Provided records:
= = = = = = =
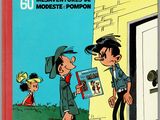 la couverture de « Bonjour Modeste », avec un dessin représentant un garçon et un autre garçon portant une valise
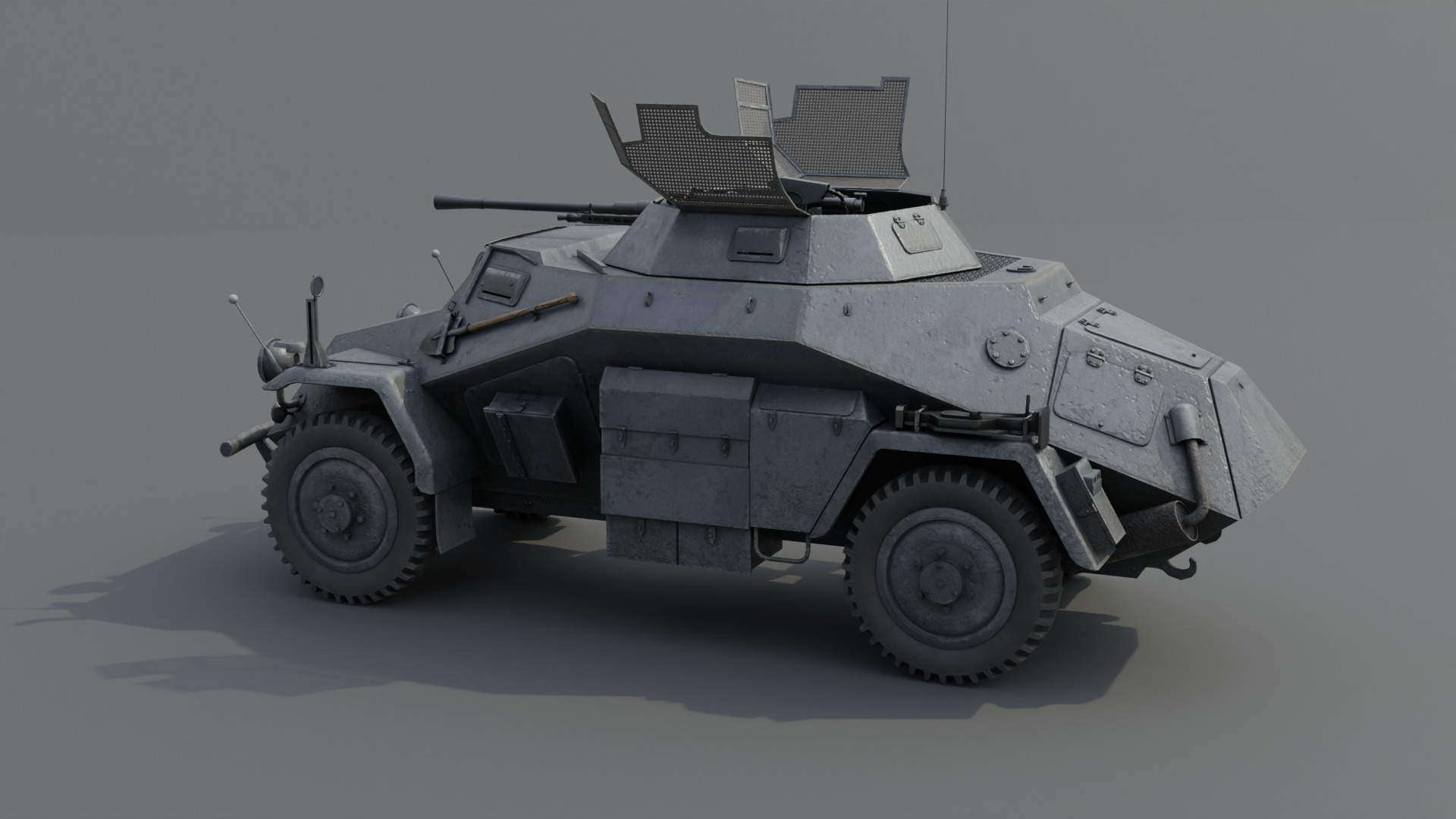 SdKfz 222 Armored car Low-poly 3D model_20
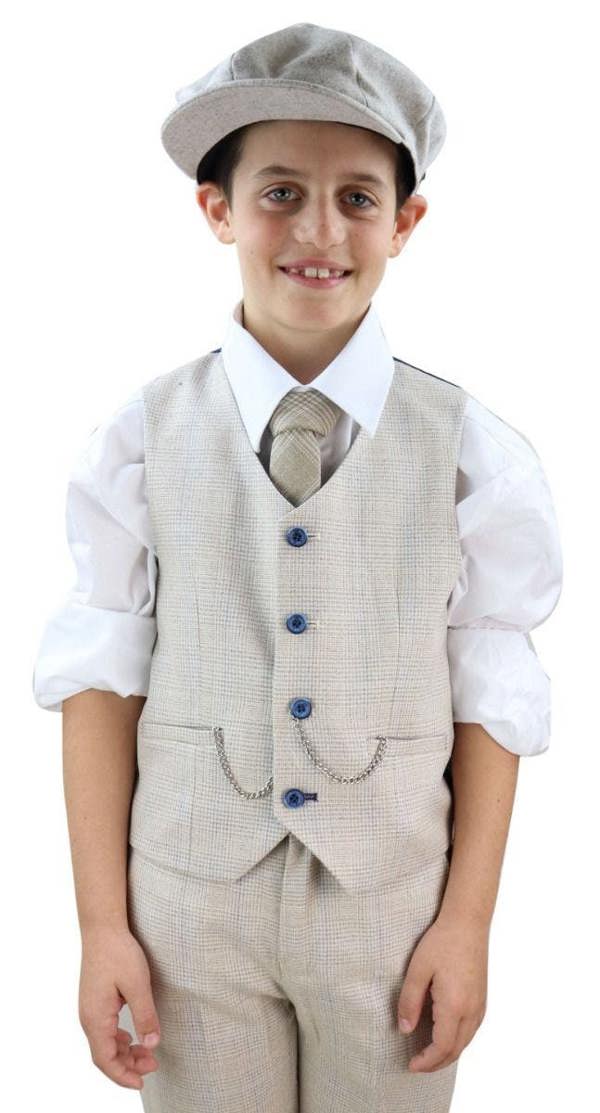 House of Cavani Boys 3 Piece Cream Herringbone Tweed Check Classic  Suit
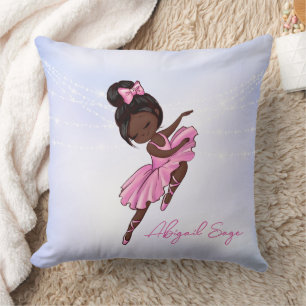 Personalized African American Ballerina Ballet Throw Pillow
= = = = = = =
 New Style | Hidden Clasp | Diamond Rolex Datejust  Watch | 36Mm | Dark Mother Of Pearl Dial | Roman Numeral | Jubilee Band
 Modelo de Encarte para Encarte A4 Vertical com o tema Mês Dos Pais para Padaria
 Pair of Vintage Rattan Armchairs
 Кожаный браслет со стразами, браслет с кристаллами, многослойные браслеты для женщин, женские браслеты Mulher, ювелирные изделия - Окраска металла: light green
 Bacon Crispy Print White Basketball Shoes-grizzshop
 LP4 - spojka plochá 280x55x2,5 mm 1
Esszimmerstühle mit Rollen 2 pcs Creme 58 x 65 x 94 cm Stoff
= = = = = = =
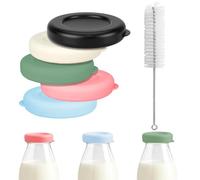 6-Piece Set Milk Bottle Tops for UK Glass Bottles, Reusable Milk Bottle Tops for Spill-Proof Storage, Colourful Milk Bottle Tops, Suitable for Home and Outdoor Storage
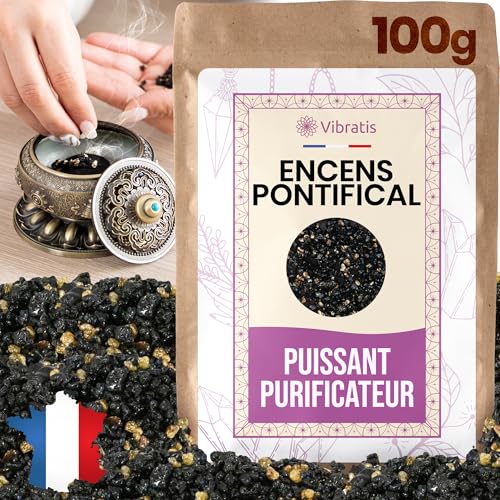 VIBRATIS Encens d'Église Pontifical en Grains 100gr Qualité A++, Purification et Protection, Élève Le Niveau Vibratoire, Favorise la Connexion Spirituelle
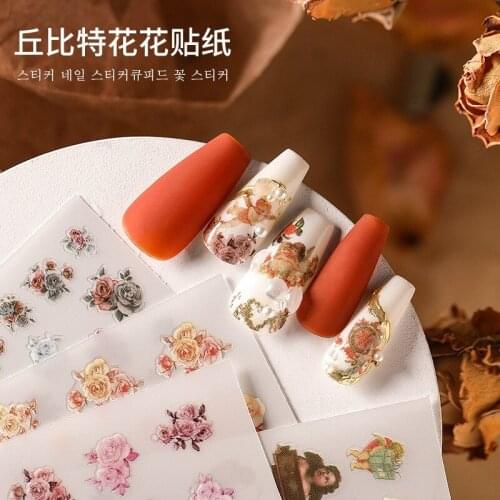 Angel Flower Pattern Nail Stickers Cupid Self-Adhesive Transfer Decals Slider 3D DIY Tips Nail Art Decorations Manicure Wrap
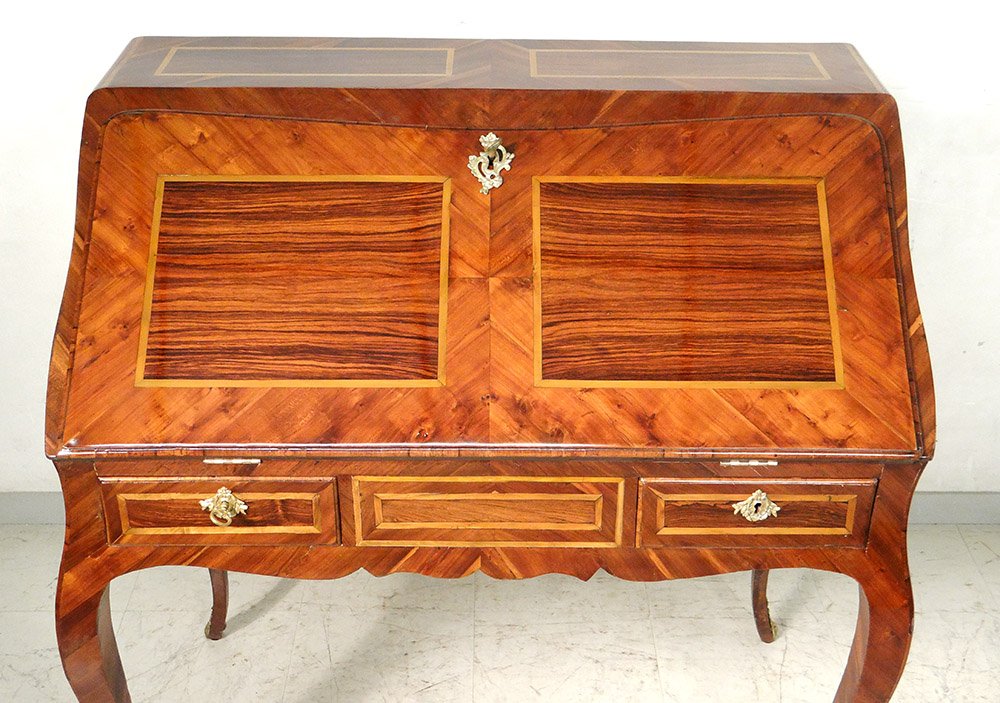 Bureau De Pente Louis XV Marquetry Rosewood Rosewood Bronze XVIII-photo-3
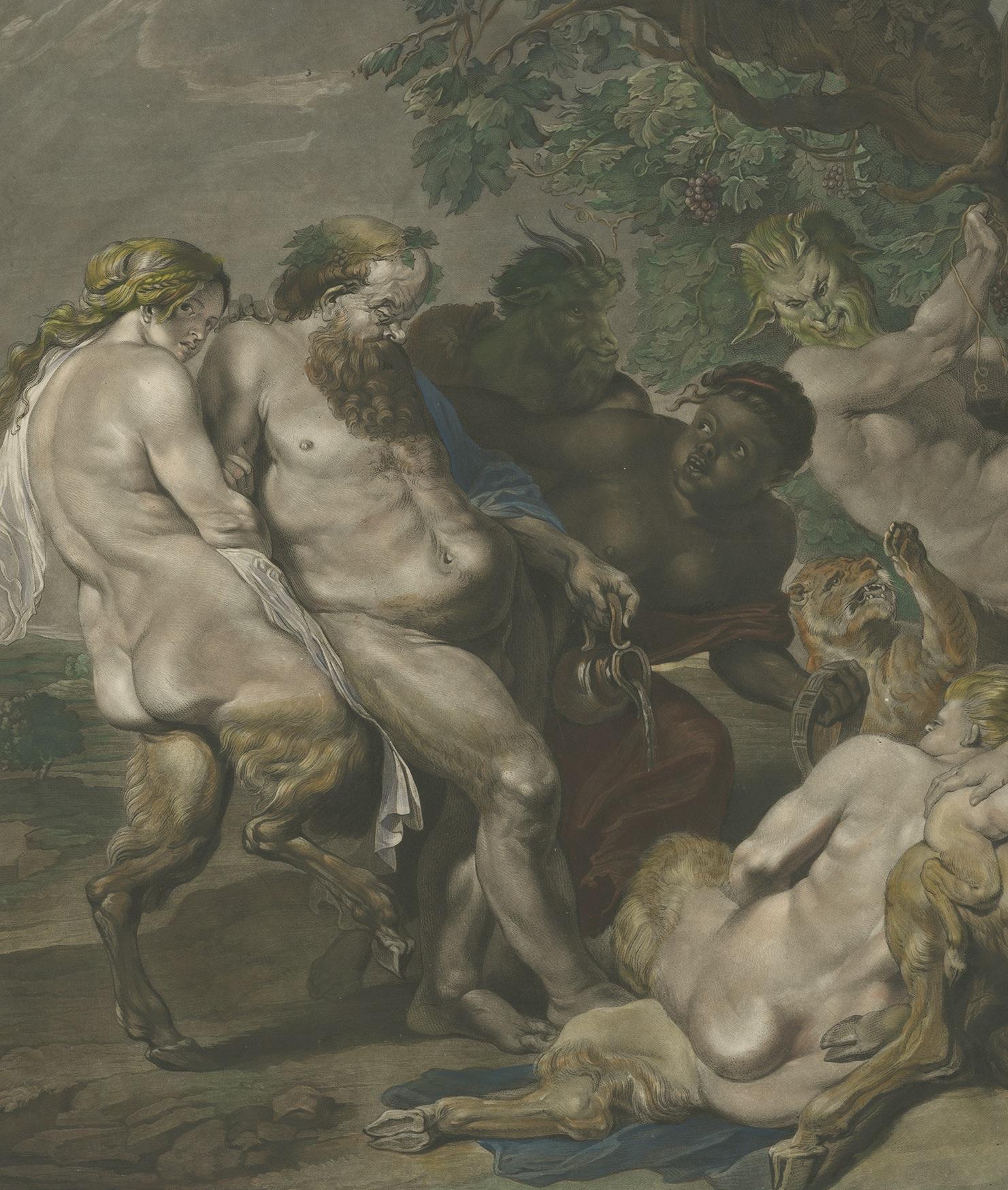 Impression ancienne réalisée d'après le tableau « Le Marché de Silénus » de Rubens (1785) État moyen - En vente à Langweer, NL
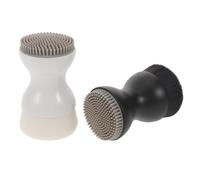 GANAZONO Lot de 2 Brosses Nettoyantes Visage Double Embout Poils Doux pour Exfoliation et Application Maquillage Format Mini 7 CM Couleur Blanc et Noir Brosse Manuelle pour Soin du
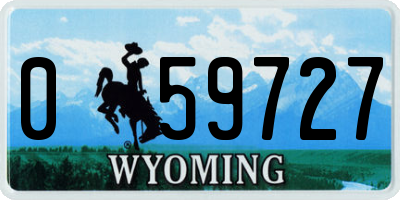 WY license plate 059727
= = = = = = =
The task:
From the records above, give again only the part that opens with the line containing "Bureau De Pente" and closes with the line containing "WY license plate 059727". Keep both ends but drop the pictures.

Task result:
 Bureau De Pente Louis XV Marquetry Rosewood Rosewood Bronze XVIII-photo-3
 Impression ancienne réalisée d'après le tableau « Le Marché de Silénus » de Rubens (1785) État moyen - En vente à Langweer, NL
 GANAZONO Lot de 2 Brosses Nettoyantes Visage Double Embout Poils Doux pour Exfoliation et Application Maquillage Format Mini 7 CM Couleur Blanc et Noir Brosse Manuelle pour Soin du
 WY license plate 059727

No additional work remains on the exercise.